As the web3 creator economy grows, data analytics is becoming increasingly crucial for creators looking to understand their on-chain audience.
NFT creators are no exception – by understanding their community's data, and how their collectors interact, they can gain valuable insights into what works and doesn't.
The endgame with your data is to track metrics that let you know how your strategies perform against your strategic objectives.
Here are four reasons why NFT creators should be using blockchain analytics:
The blockchain can tell you a lot about your community – who they are, what they love, and how they interact.
This information is essential for understanding your audience and tailoring your content accordingly, or what we like to call ‘Know Your Collector.’
The strength of your community lies within its numbers, so tracking your community’s growth is the key to your success.
The better informed you are on who’s in your community, you’ll be better positioned to create more favorable experiences that will keep them coming back.
To attract more collectors and retain existing ones, you need to understand how your collectors function, what other assets they hold, which DAOs they are voting in, how affluent they are, and more.
By knowing these data points, you’ll position yourself to make the right decisions to attract new collectors that fit similar profiles to your existing collectors.
When growing a crypto-based community, understanding each collector’s journey across web3 can help you make better-informed decisions on how you should structure your future roadmap.
For example, you may realize that 70% of your collectors have a wallet age of three and a half years, indicating they’ve been around the block. As a result, they may have had frequent exposure to market cycles, experienced a couple of rug pulls, and know their way around streets of web3, thus empowering you with the opportunity to get more experimental with how you present your next drop.
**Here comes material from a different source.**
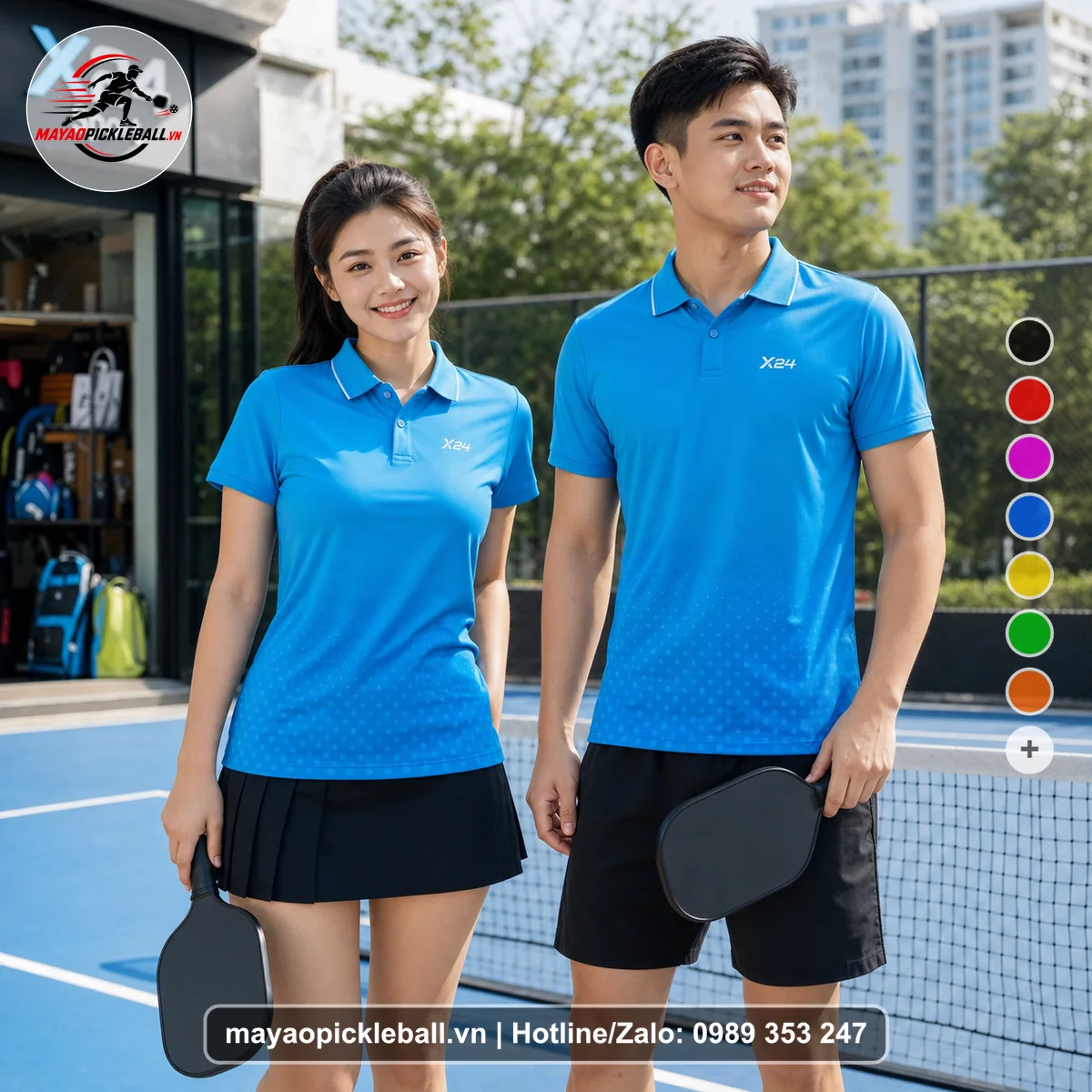 Bộ quần áo pickleball X24-PB-287 đỏ áo có tay có cổ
It's not enough to have an engaged community – you need to understand why they're engaged and what you can do to keep them coming back.
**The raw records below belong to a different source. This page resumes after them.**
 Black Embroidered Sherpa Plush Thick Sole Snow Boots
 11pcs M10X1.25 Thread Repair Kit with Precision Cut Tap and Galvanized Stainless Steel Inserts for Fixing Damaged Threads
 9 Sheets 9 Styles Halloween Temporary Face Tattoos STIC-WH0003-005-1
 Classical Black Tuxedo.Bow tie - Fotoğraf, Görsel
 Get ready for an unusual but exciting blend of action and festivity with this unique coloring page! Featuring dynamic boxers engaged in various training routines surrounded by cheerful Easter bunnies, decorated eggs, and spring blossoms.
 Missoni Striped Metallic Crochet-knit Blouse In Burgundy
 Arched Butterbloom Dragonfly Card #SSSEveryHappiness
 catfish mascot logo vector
Blockchain analytics can help you identify on-chain engagement patterns and determine what content and strategies resonate with your audience.
But how do you measure engagement on-chain?
Some metrics entail:
These are just some examples, but the list continues and varies per community.
One of our favorite opportunities for creators is understanding how their collectors overlap with other artist communities.
For example, as a web3-native musician, you may see an overlap between your NFT collectors and another web3-native artist’s collectors with whom you’ve never collaborated.
Now, that’s an opportunity worth exploring!
The merge of your collector communities could lead to mutually-aligned favorable outcomes, rising all boats with the tide.
The use of on-chain is becoming essential for communities to outperform their peers or potentially work together in even more favorable instances.
It's not enough to have a successful NFT project launch – to create longevity, you need to be able to grow it over time. Blockchain analytics can help you identify growth opportunities and determine the most effective strategies for reaching new audiences.
For example, these insights may come in handy when preparing for your next drop. You may be wondering which communities you should cross-promote alongside and potentially allowlist specific addresses to get priority access.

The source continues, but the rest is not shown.